If your favorite show was hastily canceled by Netflix, then consider it to have been a downright failure! Well, that is what Netflix wants us to believe and said in the latest mystifying interview with Bloomberg. Greg Peters and Ted Sarandos, Netflix co-CEOs, made a lot of odd statements but at the top of the list was probably this one from Ted Sarandos:
“We have never canceled a successful show. A lot of these shows were well-intended but talk to a very small audience on a very big budget. The key to it is you have to be able to talk to a small audience on a small budget and a large audience on a large budget.

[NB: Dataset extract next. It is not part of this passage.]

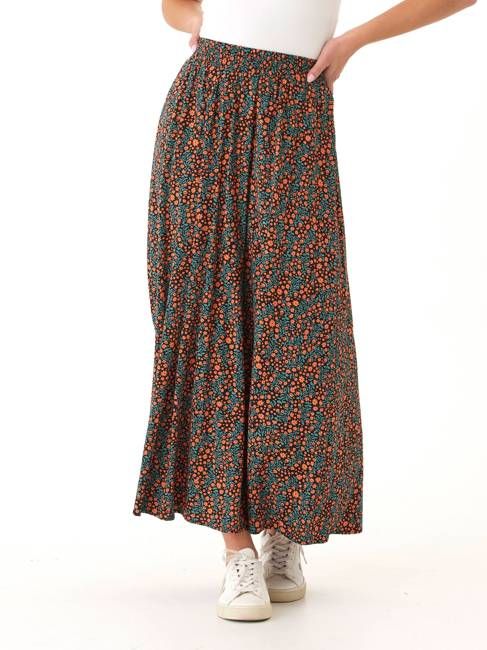 Anastacia Micro Bloom Print Woven Maxi Skirt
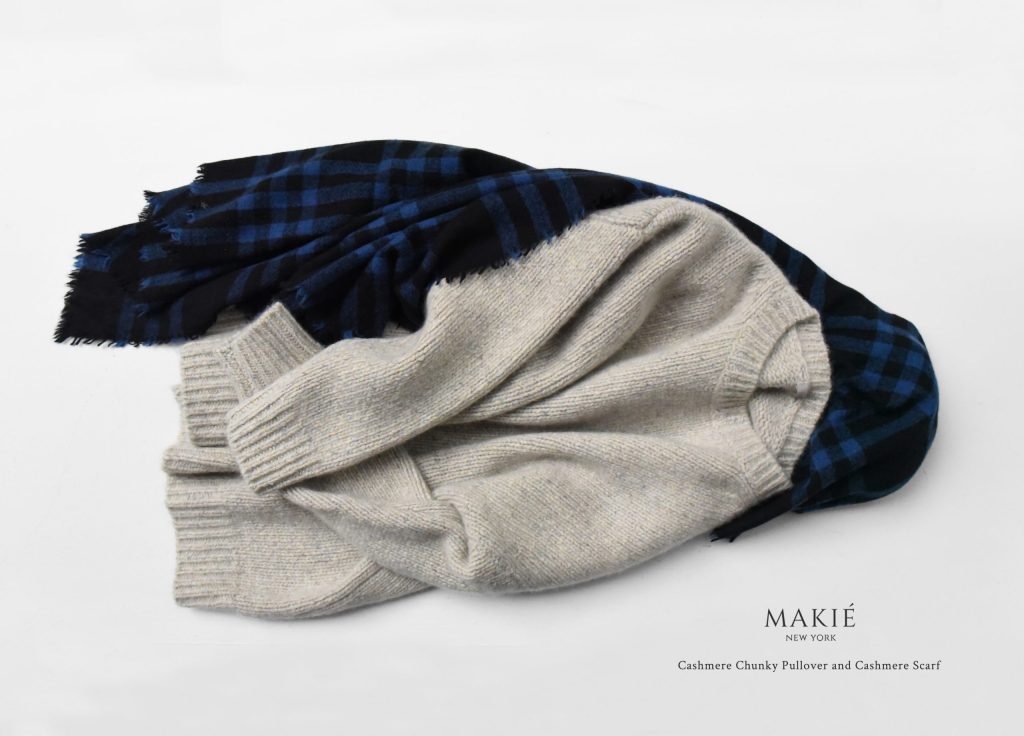 MAKIE chunky cashmere pullover and blue check cashmere scarf for Fall Winter 2026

If you do that well, you can do that forever.”
For Netflix subscribers, however, there are issues with this statement, and many are outraged by such bollocks.
The big question everyone is speculating about is how on earth Netflix is even measuring the success of a show. Their formula appears to be focused on seasonal completion and hours watched measured up against budget. But come on! Where is their loyalty to the fanbase they have built up?
Instead of establishing review scores and important IP, they are stocking their library with a bunch of dead-end series. If budget is taken into account, then there are plenty of examples making this statement difficult to stomach, such as The Babysitters Club, I Am Not Okay With This, or Teenage Bounty Hunters just to mention a few!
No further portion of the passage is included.